Белинда удивленно вскинула голову.

– Как? – ахнула она. – Вы хотите сказать, что ее повесили потому, что у кого-то случились колики в животе? Это невозможно!

Ханна обернулась и злобно посмотрела на нее; ее прищуренные карие глазки поблескивали под тонкими бровями.

– У нас были неопровержимые улики! Ведьма Фостер поссорилась с Гуди Дунбар менее чем за две недели до того, как все это случилось. А Фрэнсис Майлз привиделся сон, в котором ей открылось, что Элизабет Фостер – ведьма! Какие еще нужны доказательства?

Ее виновность не подлежит сомнению. Господин Кэди провел судебное заседание по всем правилам и вынес справедливый вердикт.

– Но это же несправедливо! – воскликнула Белинда. – Откуда вам знать, что именно Элизабет Фостер наслала на Гуди Дунбар болезнь или что из-за нее погибли цыплята, а корова перестала давать молоко? Все эти несчастья могли случиться одновременно лишь по чистому совпадению. А что касается того сна…

– Богохульство! – заорала Ханна и влепила Белинде увесистую пощечину. Потрясенная девушка отшатнулась и приложила дрожащую руку к горящей щеке, а Ханна яростно выкрикнула: – Не смей больше произносить подобную дьявольщину, Белинда Кэди, а не то донесу на тебя господину! Уж он-то найдет на тебя управу!

Поскольку они снова въехали в лес, Ханна сосредоточила свое внимание на лошади и повозке.

Белинда молча смотрела на нее, едва сдерживая ярость. Затем заговорила негромко, угрожающе, и голос ее звенел:

– Никогда больше ко мне не прикасайся. Никогда! А не то пожалеешь, что на свет родилась!

Ничего не ответив, Ханна криво ухмыльнулась. Глаза ее сверкали зло и враждебно.
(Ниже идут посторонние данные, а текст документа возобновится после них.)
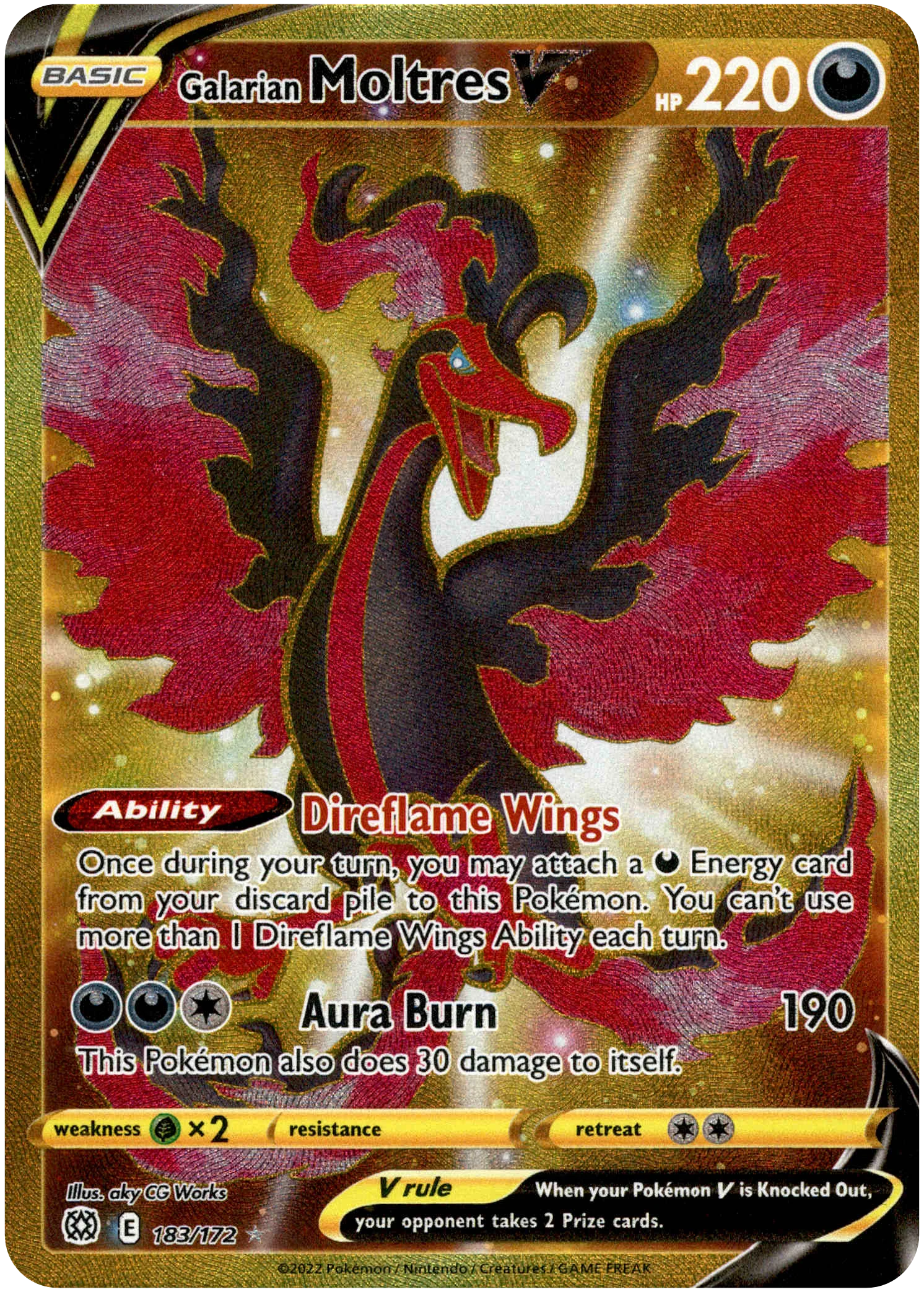 Galarian Moltres V Secret Rare - 183/172 - Brilliant Stars - Holo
Белинда погрузилась в молчание. Куда она попала? Сердце ее сжималось от страха. Она поняла, что страх перед ведьмами в деревне Сейлем одержал победу над разумом, стал каким-то массовым помешательством. Судя по всему, даже самых призрачных улик было достаточно, чтобы осудить человека на смерть. Девушка дрожала и зябко куталась в плащ. Ее мысли вернулись к кузену. Боже, каков же он, этот человек, в доме которого ей предстоит жить?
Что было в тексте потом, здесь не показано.